29 CFR 1926.105(a) requires safety nets to be provided when workplaces are more than 25 feet above the ground or water surface, or other surfaces where the use of ladders, scaffolds, catch platforms, temporary floors, safety lines, or safety belts is impractical. This standard has been interpreted by the Courts to mean that employees exposed to falls of 25 feet or more must be protected by safety nets or some other device. Ironworkers tied off to adequately engineered static lines, while working on the horizontal portions of steel trusses, are not in violation of 29 CFR 1926.105(a).
A system of ladders used in accordance with 29 CFR 1926.450 to provide access and egress for ironworkers to the top of the steel properly engineered, would provide required employee protection.
Additionally, the alternative method to lift ironworkers in a man-cage complying with both STD 1-11.2 and STD 3-12.3 (copy enclosed) is acceptable.
[This document was edited on 6/20/2005 to strike information that no longer represents OSHA policy.]
An ironworker, while in the process of initially connecting steel members, is ordinarily not required to tie off to the steel with a safety belt, due to the hazard presented by the steel when moving and suspended from a crane. Similarly, in those situations in which it is not possible or more hazardous to protect the connector by other means, such as safety nets, we would not consider it a violation of 29 CFR 1926.105(a) or 1926.105(c)(1), if the ironworker made the initial connection without fall protection. However, once the initial connection is completed, the ironworker would have to tie off to the static line on the truss if he is going to move laterally. It appears from the representations in your letter that some of the connecting work at the D.C. Convention Center cannot be performed at all, or cannot be performed without creating greater hazards unless the connector works without fall protection.

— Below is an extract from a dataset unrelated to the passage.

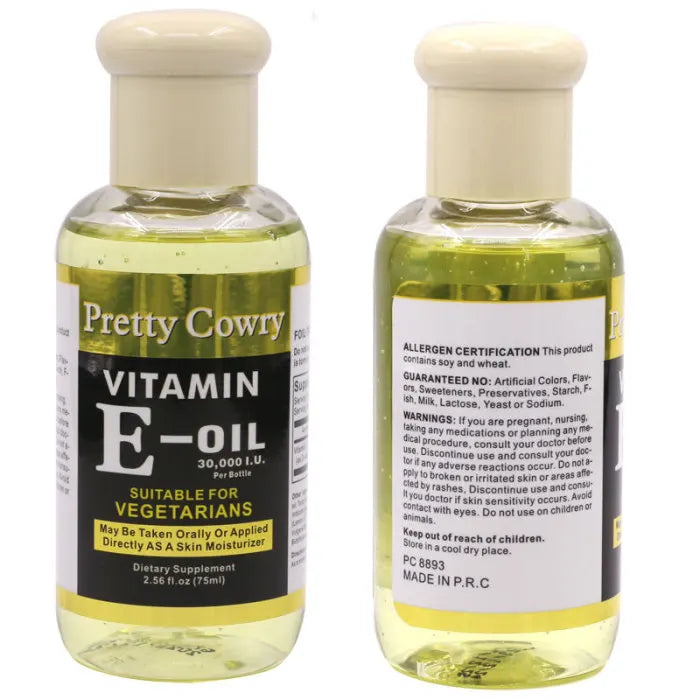 75ml Vitamin E Face Essence Moisturizing Whitening Firming Anti-wrinkle Skin Care Prettycowry Women Facial Care Essential Oil-Health Wisdom™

If I may be of further assistance, please call or write.
Bruce Hillenbrand, Deputy Director,
[Directorate of Cooperative and State Programs]
[Correction 6/20/2005. See OSHA Directive CPL 02-01-034 "Inspection policy and procedures for OSHA's steel erection standards for construction" published on 3/22/2002 for the current policy on OSHA's steel erection standards (1926 Subpart R) for construction.]